A mistura é perfeita – atraente, simples e ao mesmo tempo exótica.
O Green Shakshuka, memória da infância de Maya, é tão bom quanto impronunciável: dois ovos pochê mergulados em um molho de tomatilho. O Madame Freda, outro campeão de audiência, é a releitura do Croque Monsieur, só que com bacon de pato. O frango peri-peri vem das ruas de Joanesburgo e é um prato que Dean cresceu comendo – um pedaço apimentado de frango e uma salada grega de espinafre, pepino e tomate. E o Prego Roll, um sanduíche português de stake e manteiga de alho que Dean comia na África do Sul, é também dos mais populares. Sem falar no meu iogurte com granola e grapefruit, essa fruta que aprendi a amar.
O nome, essa esquisitice, também veio rápido.
Uma manhã, logo depois de acordar, Dean disse que o lugar deveria se chamar “Jack’s Wife Freda” em homenagem a sua avó. Os dois tiveram uma crise de riso diante de ideia tão inadequada e estapafúrdia, e quando finalmente pararam de rir pensaram: “mas por que não?”
Freda havia deixado uma forte impressão em Dean porque era uma mulher que servia comida tanto para família e para amigos quanto para estranhos, e que gostava de demonstrar amor assim: em volta da mesa.

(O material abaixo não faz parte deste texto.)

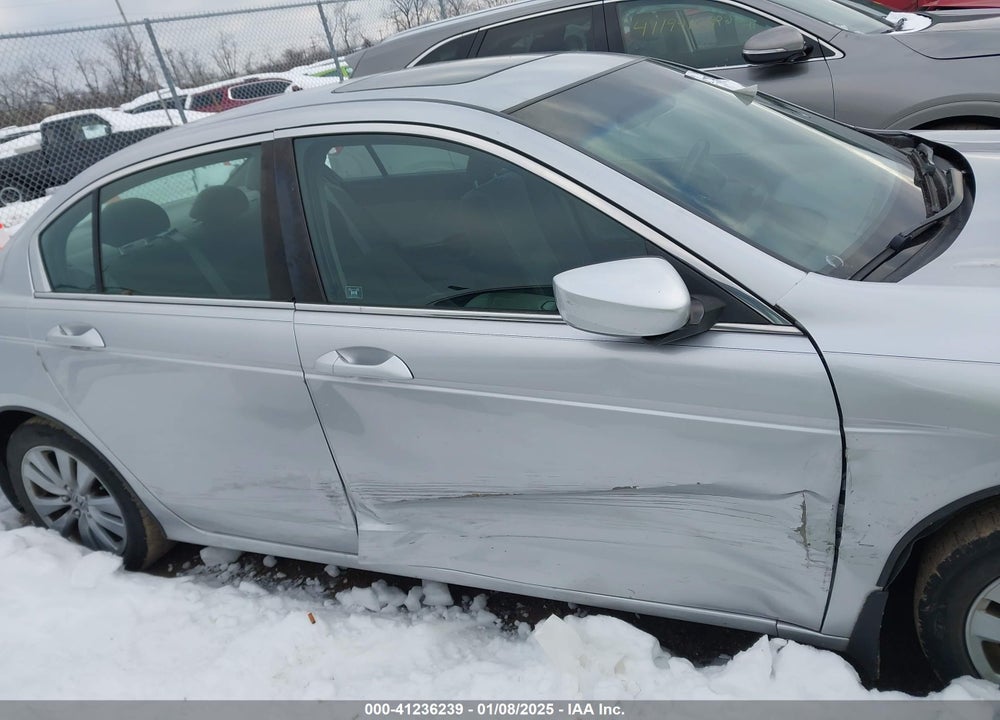 2011 HONDA ACCORD 2.4 EX VIN: 1HGCP2F72BA048705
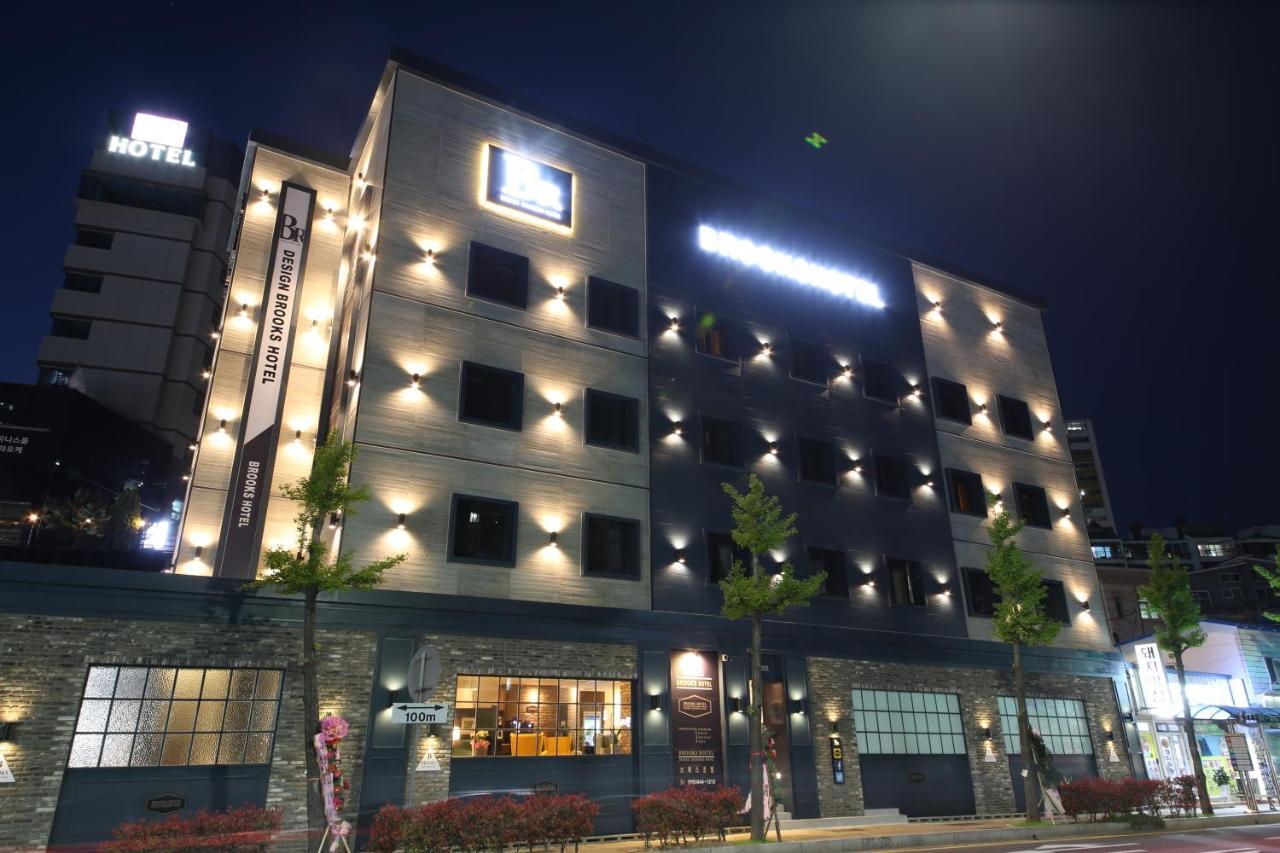 Brooks Hotel Tongyeong Exterior foto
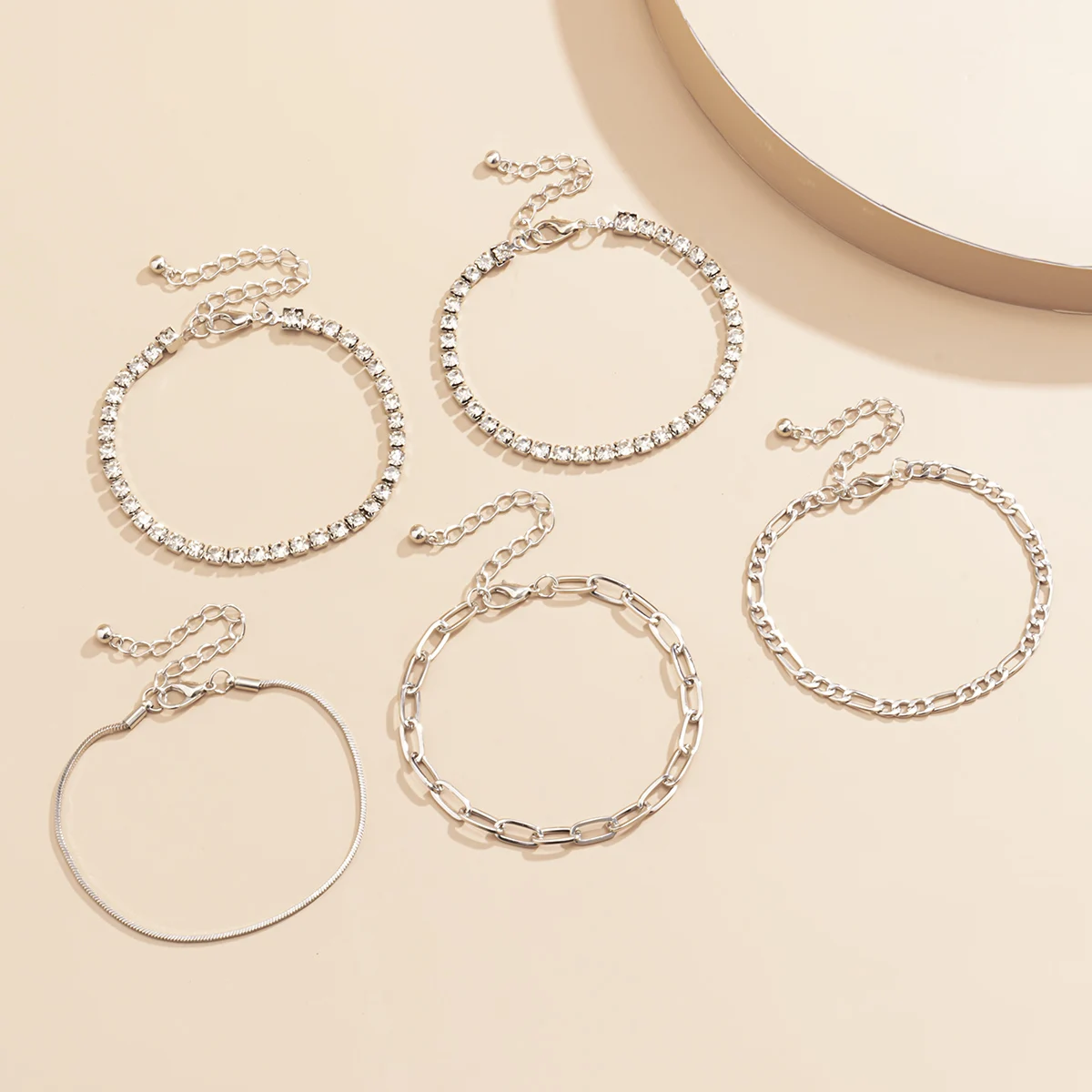 

SHIXIN 5 Pcs Iced Out Chains Bracelets Set for Women Shiny Rhinestones Hand Chains Trendy Crystal Bracelets Jewelry 2021 Fashion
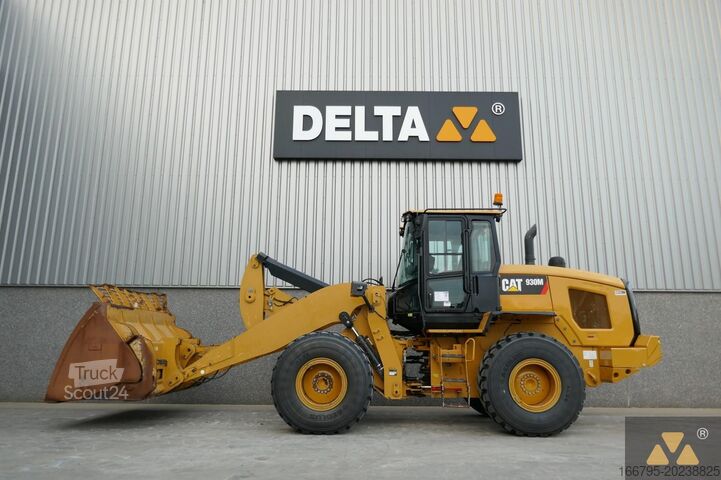 Riteņu iekrāvēji Caterpillar 930M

E na mesa sempre farta de Freda eram todos família sem distinção de coisa nenhuma. Como a ideia era repetir esse ambiente, o nome prevaleceu — apesar de terem sido alertado inúmeras vezes por todos os amigos a mudar de ideia “porque um nome desses não vai pegar”.
Se posso servir como testemunha, o espírito de Freda vive forte dentro do pequeno restaurante. Uma mesa comunitária deixa as coisas ainda mais escancaradas, mas não é apenas a mesa grande ao redor da qual sentamos com estranhos, e sim o ambiente e a música e a paz de espírito (a despeito de o lugar estar apinhado), o bom humor de todos ali, e o fato de podermos sentir o amor no ar a partir do momento em que cruzamos a fronteira das ruas do Soho para esse lugar metade israelense, metade sulafricano e inteiro Freda.
Mas as coisas nem sempre foram fáceis.
Em janeiro de 2012 eles abriram as portas e entraram em um turbilhão para o qual não estavam preparados.
Com dois filhos pequenos, tinham que se revezar em turnos: Maya trabalhava durante o dia e Dean à noite. Como o restaurante fica mais 14 horas aberto, cada turno tinha, entre a chegada e a saída, umas nove horas. “Teve um dia que fui dar banho nas crianças, sentei no chão do banheiro e comecei a chorar um choro que nem sei de onde veio. Chorei de exaustão, de esgotamento, e nesse dia eu pensei: ‘ok, é o que tenho que dar de mim para esse restaurante. Tudo, e nem uma gota a menos’”.
Até que uma tarde qualquer no final de 2013, mais de um ano depois da inauguração e como naquela cena final de “Campo dos Sonhos”, as pessoas nunca mais pararam de chegar.
Hoje, os dois restaurantes reúnem uma multidão de clientes que esperam às vezes duas horas por uma mesa, Dean e Maya têm quase 100 funcionários e ainda se revezam em turnos, muitas vezes com as crianças – dois meninos de 8 e 4 anos – a tiracolo.
Outro dia me perguntaram por que, afinal, eu vou sempre num mesmo lugar morando em uma cidade reconhecida por ter infinitos bons lugares para se comer, e depois de pensar um pouco eu entendi que volto ali porque Dean e Maya servem verdade e dignidade numa metrópole que, como qualquer outra, é tão carente de verdades e dignidades.
Há dignidade em tudo o que existe ali dentro, da comida ao atendimento, e essa sensação é viciante. A noção de que somos uma comunidade, parte de uma mesma substância, não é sentida apenas por mim mas por inúmeros outros frequentadores que voltam e voltam, rostos que agora vejo quase todos os dias por ali e com os quais compartilho o jornal e a mesa.
No final, eles fizeram o mais difícil em uma cidade de 16.251 restaurantes, e onde no ano passado 162 novos foram abertos e 82 fecharam: eles sobreviveram.
Dean e Maya (Jack Gyllenhaal, outro que não sai de lá, e eu) estão sempre in loco, e acabaram de abrir um segundo “Freda”, tão aconchegante quanto o primeiro, agora no West Village.